She has come to Kilpisjärvi in Lapland, over 248 miles (400km) north of the Arctic Circle, to join other divers from all over the world on an ice diving training course. The trainees plod gingerly around two rectangular entry holes that they’ve cut in the lake’s ice. 

It may be the middle of March but it still feels very much like winter here. The lake is frozen over and surrounded by Finland’s highest fells, still draped in thick snow.

Perry Brandes, a commercial diver from Florida, where he is used to a far warmer climate, has just completed his first ice dive. “It’s very peaceful,” he says. “You look up and see light coming through. It’s like looking at a city from afar.” This, he explains, is the sun peeking through holes in the ice above. Those twinkling lights are like beacons that guide the divers back to the surface. (You can read more about what it is like under the ice in Antarctica in Katherine Latham’s fascinating article about this upside down ice-scape.)

Erika Benke Divers are cut off from the world above them by a ceiling of ice so must use safety lines to communicate with the surface (Credit: Erika Benke)
Divers are cut off from the world above them by a ceiling of ice so must use safety lines to communicate with the surface (Credit: Erika Benke)

Kalkowski-Pope and Brandes are two of 12 participants on the week-long polar research diving course, which has been organised by the University of Helsinki.

All of those taking part are already seasoned divers who have honed their skills in temperate and tropical waters.
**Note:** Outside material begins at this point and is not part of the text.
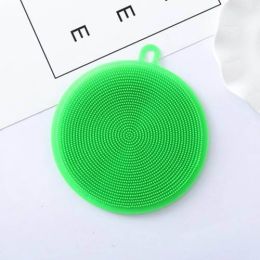 Insulated Decontamination Silicone Kitchen Dishwashing Brush (Color: green)
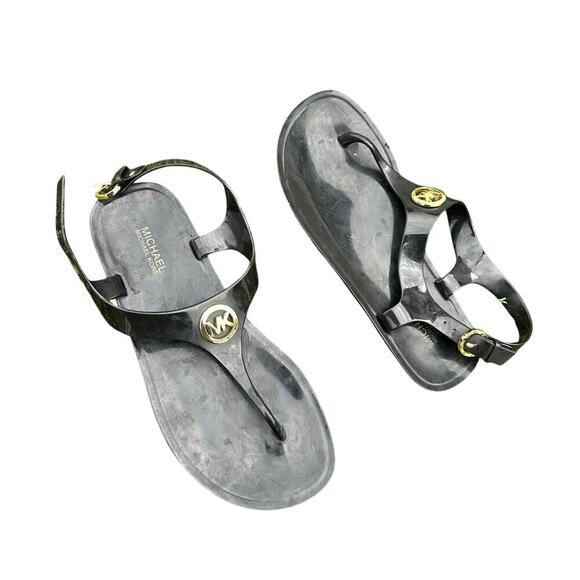 Michael Kors Black Jelly Buckle Strap Size 6 Women's PVC Thong Sandals‎ - Picture 1 of 9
This is the next level. Should they master ice diving here, it could enable them to join scientific diving expeditions in the Arctic or Antarctic. 

“There’s probably only a few hundred people in the world who can do polar base diving work at the moment,” says Edd Stockdale, coordinator of the Finnish Scientific Diving Academy, who leads the course. “The polar areas are melting. We need scientists who are able to monitor what’s happening,” he explains.

Scientific research in the polar regions is critically important for climate change monitoring. The melting of polar ice contributes to rising sea levels around the world. By studying changes in sea ice, scientists are able to gain a better understanding of how quickly climate change is unfolding.

Ice diving, in particular, allows researchers to collect first-hand data on ice thickness, density and movement as well as water temperatures and salinity. The polar regions also have unique flora and fauna adapted to living in extremely cold conditions, and some of these organisms are visible during ice dives.

In 2017, Alf Norkko, a professor of marine research at the University of Helsinki, and his team discovered big changes on the seafloor under Antarctic sea ice since their previous diving expedition in the same area in 2009.  

“There was a remarkable increase in the abundance of life,” he says. Levels of chlorophyll and other plant compounds deposited in the sediment on the sea floor had risen dramatically, indicating that the amount of plankton and algae in the water had increased. “In just a few years, the sea ice had got thinner, which allowed more light to get through so there was more food supply for starfish, worms, sponges and sea spiders on the seafloor.”

Jesse Jokinen Sunlight can percolate through thinner ice, allowing plankton and algae to bloom in the water beneath (Credit: Jesse Jokinen)
Sunlight can percolate through thinner ice, allowing plankton and algae to bloom in the water beneath (Credit: Jesse Jokinen)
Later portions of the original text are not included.